== Given information
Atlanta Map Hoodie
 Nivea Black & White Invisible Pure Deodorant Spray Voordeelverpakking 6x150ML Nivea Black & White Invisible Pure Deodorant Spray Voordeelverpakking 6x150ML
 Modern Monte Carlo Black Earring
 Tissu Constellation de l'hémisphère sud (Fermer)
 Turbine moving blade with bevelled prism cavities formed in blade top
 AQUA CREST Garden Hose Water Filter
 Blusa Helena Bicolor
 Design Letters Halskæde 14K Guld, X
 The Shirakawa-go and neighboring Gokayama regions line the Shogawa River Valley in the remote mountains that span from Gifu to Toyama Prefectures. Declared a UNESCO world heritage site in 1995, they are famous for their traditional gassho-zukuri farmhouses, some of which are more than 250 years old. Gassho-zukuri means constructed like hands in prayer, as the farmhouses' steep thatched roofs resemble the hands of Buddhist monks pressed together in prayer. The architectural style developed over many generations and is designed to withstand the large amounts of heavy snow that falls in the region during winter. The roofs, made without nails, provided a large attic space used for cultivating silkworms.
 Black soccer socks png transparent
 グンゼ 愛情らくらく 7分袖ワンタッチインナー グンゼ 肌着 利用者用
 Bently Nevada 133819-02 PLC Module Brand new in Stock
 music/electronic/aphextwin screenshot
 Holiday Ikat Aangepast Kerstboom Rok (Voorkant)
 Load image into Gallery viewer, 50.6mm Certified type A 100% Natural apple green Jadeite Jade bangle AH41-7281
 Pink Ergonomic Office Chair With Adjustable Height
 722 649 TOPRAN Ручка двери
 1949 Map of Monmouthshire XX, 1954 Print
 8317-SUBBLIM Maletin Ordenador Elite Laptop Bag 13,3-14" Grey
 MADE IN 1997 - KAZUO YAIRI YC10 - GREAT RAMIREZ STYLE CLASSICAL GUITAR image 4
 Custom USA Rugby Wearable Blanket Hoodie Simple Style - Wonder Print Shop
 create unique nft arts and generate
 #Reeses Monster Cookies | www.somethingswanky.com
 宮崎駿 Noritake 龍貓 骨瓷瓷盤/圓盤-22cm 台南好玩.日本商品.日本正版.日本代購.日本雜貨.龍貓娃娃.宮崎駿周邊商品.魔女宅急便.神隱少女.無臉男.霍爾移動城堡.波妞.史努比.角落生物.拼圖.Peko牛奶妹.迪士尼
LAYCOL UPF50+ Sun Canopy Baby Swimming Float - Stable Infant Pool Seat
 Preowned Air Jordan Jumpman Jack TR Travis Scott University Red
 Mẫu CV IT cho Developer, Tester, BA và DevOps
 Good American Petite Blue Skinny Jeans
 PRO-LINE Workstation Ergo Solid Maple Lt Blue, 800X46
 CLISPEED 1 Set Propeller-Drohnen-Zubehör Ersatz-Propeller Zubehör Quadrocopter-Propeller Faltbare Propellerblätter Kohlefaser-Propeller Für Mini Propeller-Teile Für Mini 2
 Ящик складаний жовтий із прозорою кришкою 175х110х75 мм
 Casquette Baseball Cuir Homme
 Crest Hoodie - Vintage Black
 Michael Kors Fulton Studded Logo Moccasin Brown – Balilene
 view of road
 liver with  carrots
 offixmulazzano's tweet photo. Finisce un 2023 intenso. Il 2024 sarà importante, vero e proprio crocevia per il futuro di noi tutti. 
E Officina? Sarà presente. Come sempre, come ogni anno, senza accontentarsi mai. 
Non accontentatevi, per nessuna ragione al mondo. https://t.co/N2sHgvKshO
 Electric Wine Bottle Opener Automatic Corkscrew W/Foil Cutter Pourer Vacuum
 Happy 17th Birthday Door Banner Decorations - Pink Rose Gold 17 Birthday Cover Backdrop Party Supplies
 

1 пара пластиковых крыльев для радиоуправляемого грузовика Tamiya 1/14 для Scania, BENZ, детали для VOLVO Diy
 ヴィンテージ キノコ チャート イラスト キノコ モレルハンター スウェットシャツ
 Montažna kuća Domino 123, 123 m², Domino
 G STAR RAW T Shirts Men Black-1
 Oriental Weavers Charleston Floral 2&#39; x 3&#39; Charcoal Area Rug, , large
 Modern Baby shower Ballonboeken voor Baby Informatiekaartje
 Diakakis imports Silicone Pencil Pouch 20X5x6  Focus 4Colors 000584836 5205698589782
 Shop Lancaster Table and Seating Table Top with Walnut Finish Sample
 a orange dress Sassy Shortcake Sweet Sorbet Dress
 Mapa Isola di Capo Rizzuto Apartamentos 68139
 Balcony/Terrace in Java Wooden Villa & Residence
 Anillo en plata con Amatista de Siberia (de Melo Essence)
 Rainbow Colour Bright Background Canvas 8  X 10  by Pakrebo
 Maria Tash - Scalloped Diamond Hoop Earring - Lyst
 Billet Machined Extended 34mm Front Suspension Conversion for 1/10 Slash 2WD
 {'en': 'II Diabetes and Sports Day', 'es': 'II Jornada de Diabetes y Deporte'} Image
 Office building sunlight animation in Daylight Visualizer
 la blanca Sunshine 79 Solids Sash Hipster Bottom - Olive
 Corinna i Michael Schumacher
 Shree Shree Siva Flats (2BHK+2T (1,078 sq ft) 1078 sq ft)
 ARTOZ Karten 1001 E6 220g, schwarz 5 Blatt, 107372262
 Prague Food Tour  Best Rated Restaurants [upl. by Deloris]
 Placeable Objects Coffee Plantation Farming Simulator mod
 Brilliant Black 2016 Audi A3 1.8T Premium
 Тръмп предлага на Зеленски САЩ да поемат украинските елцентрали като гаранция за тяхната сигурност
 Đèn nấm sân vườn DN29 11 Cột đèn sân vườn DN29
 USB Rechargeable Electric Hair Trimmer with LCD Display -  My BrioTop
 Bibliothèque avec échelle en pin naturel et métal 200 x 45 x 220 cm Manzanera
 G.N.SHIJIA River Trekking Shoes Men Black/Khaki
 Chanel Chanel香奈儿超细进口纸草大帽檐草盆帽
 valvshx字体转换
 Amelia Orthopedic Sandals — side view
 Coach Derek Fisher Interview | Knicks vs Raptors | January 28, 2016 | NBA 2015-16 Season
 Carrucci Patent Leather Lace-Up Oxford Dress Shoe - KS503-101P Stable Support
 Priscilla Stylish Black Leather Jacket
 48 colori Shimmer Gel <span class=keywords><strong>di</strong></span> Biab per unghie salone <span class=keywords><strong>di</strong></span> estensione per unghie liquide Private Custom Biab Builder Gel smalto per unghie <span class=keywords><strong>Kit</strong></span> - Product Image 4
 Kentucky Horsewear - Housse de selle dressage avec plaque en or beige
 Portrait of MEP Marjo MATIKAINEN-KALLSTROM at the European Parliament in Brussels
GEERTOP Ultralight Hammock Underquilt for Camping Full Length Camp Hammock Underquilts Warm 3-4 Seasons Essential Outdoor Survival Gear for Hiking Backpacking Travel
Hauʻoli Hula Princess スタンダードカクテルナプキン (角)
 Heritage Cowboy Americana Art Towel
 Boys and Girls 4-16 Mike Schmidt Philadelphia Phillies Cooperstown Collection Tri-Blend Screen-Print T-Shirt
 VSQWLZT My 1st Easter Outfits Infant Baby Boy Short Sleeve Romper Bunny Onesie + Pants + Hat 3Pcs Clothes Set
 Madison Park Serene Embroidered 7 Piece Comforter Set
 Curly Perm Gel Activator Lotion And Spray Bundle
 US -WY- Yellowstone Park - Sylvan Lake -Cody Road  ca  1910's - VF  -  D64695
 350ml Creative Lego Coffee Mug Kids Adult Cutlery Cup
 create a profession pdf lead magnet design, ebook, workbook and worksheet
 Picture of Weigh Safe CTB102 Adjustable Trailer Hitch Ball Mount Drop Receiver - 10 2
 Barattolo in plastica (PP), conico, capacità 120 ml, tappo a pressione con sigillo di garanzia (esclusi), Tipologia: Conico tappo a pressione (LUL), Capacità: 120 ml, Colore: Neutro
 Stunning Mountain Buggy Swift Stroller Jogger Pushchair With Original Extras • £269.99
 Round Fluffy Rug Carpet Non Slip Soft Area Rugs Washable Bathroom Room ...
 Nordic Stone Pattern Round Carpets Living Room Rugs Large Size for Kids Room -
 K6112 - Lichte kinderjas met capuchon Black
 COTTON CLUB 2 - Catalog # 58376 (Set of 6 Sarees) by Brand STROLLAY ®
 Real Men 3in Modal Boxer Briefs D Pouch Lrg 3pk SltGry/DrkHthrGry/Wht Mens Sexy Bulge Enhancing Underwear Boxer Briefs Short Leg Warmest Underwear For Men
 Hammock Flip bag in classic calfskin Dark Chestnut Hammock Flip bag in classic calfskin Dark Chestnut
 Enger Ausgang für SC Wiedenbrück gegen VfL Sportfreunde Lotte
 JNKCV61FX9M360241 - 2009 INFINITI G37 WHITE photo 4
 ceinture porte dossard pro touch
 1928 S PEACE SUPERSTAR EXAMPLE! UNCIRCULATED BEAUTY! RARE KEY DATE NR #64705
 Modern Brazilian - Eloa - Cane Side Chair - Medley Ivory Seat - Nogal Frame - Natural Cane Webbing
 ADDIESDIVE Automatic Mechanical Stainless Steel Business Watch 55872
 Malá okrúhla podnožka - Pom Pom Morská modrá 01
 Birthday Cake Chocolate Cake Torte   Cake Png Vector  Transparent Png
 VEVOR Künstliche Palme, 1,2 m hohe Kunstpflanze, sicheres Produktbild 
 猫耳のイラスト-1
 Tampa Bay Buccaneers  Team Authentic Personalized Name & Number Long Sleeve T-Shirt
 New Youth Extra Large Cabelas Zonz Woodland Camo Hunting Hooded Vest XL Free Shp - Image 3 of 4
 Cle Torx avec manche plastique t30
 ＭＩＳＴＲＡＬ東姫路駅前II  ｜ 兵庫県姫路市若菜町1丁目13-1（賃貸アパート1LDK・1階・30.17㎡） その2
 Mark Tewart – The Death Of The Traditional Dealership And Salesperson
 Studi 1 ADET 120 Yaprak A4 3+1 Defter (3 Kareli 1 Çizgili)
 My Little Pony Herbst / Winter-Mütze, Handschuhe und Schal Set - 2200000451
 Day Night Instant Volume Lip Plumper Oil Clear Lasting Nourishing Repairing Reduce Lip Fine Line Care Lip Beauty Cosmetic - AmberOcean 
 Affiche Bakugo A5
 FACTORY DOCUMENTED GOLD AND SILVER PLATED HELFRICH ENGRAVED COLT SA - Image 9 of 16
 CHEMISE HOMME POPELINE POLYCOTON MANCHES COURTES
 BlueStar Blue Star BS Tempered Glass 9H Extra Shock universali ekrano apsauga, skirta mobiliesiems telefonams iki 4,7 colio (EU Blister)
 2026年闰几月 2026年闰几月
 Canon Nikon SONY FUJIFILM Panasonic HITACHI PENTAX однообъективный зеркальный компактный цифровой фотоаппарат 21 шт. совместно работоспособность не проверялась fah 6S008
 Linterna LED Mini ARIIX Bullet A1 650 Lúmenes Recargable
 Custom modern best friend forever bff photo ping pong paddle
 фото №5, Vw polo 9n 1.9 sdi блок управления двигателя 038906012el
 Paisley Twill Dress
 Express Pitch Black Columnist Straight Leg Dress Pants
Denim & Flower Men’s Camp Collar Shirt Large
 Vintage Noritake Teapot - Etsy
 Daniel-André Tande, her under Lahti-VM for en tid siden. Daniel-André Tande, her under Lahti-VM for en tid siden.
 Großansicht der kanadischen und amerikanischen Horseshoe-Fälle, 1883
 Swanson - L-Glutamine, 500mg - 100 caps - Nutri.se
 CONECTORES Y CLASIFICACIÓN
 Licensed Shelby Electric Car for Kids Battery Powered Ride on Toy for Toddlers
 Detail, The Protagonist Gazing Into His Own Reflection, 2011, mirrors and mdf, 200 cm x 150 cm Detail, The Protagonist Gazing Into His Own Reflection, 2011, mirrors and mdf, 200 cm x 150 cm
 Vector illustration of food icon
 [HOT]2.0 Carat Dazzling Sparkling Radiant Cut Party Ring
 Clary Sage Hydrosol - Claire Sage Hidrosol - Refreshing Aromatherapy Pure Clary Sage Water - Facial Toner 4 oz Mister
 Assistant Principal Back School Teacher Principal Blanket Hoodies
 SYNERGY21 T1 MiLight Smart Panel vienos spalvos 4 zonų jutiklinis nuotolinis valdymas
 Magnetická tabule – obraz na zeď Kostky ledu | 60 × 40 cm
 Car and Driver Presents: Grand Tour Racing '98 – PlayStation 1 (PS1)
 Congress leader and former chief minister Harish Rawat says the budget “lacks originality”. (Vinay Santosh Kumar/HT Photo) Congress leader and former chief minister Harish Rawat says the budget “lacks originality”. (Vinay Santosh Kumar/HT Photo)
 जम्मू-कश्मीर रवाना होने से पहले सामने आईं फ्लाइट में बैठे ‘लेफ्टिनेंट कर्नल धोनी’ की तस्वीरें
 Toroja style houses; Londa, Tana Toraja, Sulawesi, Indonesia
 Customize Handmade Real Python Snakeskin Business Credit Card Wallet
====
§ What you need to do
Nothing but the lines above from the one containing "Prague Food Tour" through the one containing "Kentucky Horsewear - Housse" should appear in the answer, each repeated exactly.

§ Written answer
 Prague Food Tour  Best Rated Restaurants [upl. by Deloris]
 Placeable Objects Coffee Plantation Farming Simulator mod
 Brilliant Black 2016 Audi A3 1.8T Premium
 Тръмп предлага на Зеленски САЩ да поемат украинските елцентрали като гаранция за тяхната сигурност
 Đèn nấm sân vườn DN29 11 Cột đèn sân vườn DN29
 USB Rechargeable Electric Hair Trimmer with LCD Display -  My BrioTop
 Bibliothèque avec échelle en pin naturel et métal 200 x 45 x 220 cm Manzanera
 G.N.SHIJIA River Trekking Shoes Men Black/Khaki
 Chanel Chanel香奈儿超细进口纸草大帽檐草盆帽
 valvshx字体转换
 Amelia Orthopedic Sandals — side view
 Coach Derek Fisher Interview | Knicks vs Raptors | January 28, 2016 | NBA 2015-16 Season
 Carrucci Patent Leather Lace-Up Oxford Dress Shoe - KS503-101P Stable Support
 Priscilla Stylish Black Leather Jacket
 48 colori Shimmer Gel <span class=keywords><strong>di</strong></span> Biab per unghie salone <span class=keywords><strong>di</strong></span> estensione per unghie liquide Private Custom Biab Builder Gel smalto per unghie <span class=keywords><strong>Kit</strong></span> - Product Image 4
 Kentucky Horsewear - Housse de selle dressage avec plaque en or beige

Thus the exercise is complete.